INSTRUCTIONS TO FOLLOW =>
Exactly as they appear below, repeat the lines from the one with "2021 Fashion Women's" through the one with "Modern Set of", and no others.

EXTRACTED INFORMATION =>
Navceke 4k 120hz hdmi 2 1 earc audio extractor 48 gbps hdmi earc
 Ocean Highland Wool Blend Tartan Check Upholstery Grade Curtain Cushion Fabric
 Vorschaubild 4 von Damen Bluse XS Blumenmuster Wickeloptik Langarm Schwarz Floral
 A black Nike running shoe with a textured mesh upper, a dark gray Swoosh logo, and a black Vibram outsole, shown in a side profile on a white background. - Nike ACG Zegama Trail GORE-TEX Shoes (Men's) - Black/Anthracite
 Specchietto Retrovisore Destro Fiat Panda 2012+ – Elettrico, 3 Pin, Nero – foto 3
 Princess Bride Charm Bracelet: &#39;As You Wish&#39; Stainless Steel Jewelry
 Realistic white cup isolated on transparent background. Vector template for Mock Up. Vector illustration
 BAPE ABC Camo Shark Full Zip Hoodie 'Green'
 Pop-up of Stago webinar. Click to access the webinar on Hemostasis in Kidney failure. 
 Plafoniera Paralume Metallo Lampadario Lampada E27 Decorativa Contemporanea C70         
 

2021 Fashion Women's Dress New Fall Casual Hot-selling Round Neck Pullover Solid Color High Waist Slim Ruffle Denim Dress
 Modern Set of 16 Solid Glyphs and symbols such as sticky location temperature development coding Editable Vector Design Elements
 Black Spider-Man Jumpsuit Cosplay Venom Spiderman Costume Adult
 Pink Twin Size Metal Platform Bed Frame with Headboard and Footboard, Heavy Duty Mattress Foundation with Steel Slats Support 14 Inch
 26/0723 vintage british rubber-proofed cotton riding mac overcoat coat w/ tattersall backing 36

ANSWER TO THIS PROBLEM =>
2021 Fashion Women's Dress New Fall Casual Hot-selling Round Neck Pullover Solid Color High Waist Slim Ruffle Denim Dress
 Modern Set of 16 Solid Glyphs and symbols such as sticky location temperature development coding Editable Vector Design Elements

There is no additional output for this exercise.